L’espace Mitsukoshi-Étoile (3) a invité l’artiste Toshio Tabuchi, peintre nihon-ga inten (utilisant les techniques traditionnelles de la peinture japonaise) de grand talent. Il ne se veut pas détenteur d’un style mais peintre de l’émotion qu’il retranscrit dans ses tableaux, aux instantanés presque photographiques, montrant des paysages inventés aux couleurs intenses même dans la monochromie.
Petit Palais
Les moines supérieurs du sanctuaire shinto Tsurugaoka Hachimangû de Kamakura ou du temple zen Eihei-ji à Fukui lui ont demandé de peindre des portes coulissantes pour leurs intérieurs sacrés. C’est la première fois que l’artiste s’essayait, à 60 ans, à l’encre de Chine (sumi e) qui ne permet aucun repentir. Les saisons et la nature se fondent en dégradés de gris, et les blancs comme les détails comptent dans ces paysages de toute beauté. Deux exemples qui montrent l’intérêt de vénérables temples pour les artistes d’aujourd’hui.

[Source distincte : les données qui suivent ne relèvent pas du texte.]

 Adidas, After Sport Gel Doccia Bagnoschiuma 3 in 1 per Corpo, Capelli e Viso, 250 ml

Enfin le Petit Palais (4) présente 80 œuvres zen du XIIe au XVIIIe siècle des Pavillons d’or et d’argent de Kyoto. Grandes peintures bouddhiques et ustensiles pour la cérémonie du thé composent un ensemble somptueux où le religieux se joint à l’harmonie pour le plus grand plaisir des yeux.

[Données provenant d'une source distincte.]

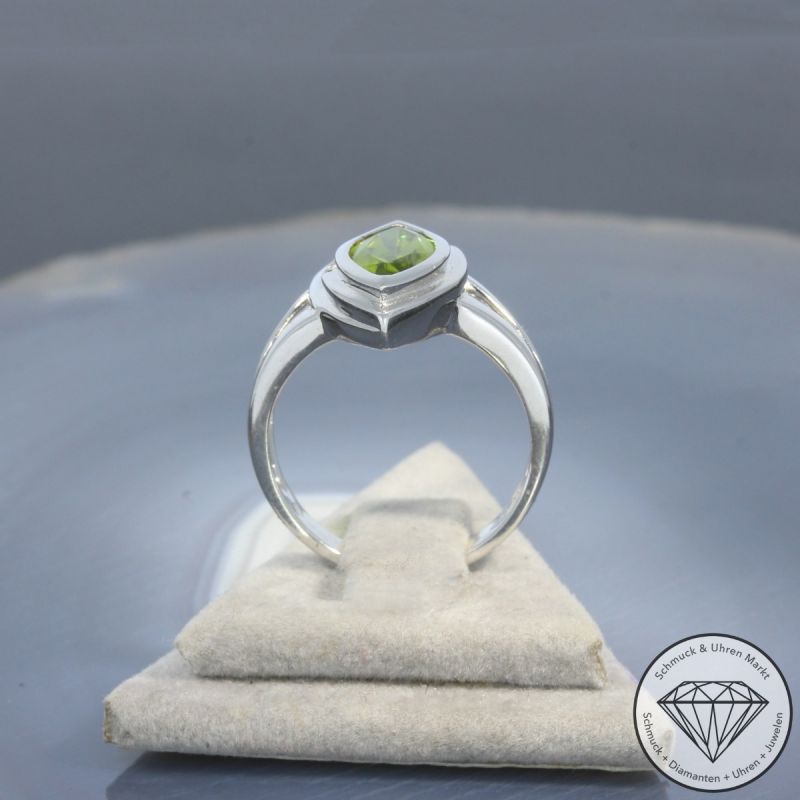 Wert 1850 € Brillant Peridot Ring in 750er 18 K Weißgold - 99426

Il a fallu beaucoup de persuasion pour faire sortir ces fragiles « trésors nationaux » du Japon, mais, plus encore, c’est grâce au mécénat du Crédit agricole et aussi d’entreprises japonaises que toutes ces expositions ont été possibles. Il faudra, sans doute, des années avant que d’autres événements de cette envergure ne revoient le jour à Paris.
Alexandre DARMON
(1) « Splendeurs des courtisanes » : 2e partie du 18 novembre au 4 janvier. 7, avenue Vélasquez (8e). Rens. : 01.53….
(2) « Konpira-San, Sanctuaire de la mer-Trésors de la peinture japonaise » : jusqu’au 8 décembre. 6, place d’Iéna (16e). Rens. : 01.56.5…. Ouvrage collectif aux Éditions Kotohira-Gu, 398 p., 32 €, et hors-série Connaissances des arts, 8 €.
(3) « L’instant et l’éternité » : jusqu’au 22 novembre. 3, rue de Tilsitt (8e).
Rens. : 01.44.09.11.11. Catalogue, 198 p., 18 €.
(4) « Shôkokuji, Pavillon d’or, Pavillon d’argent – Zen et Art à Kyoto » : jusqu’au 14 décembre. Avenue Winston-Churchill (8e). Rens.: 01.53.43.40.00.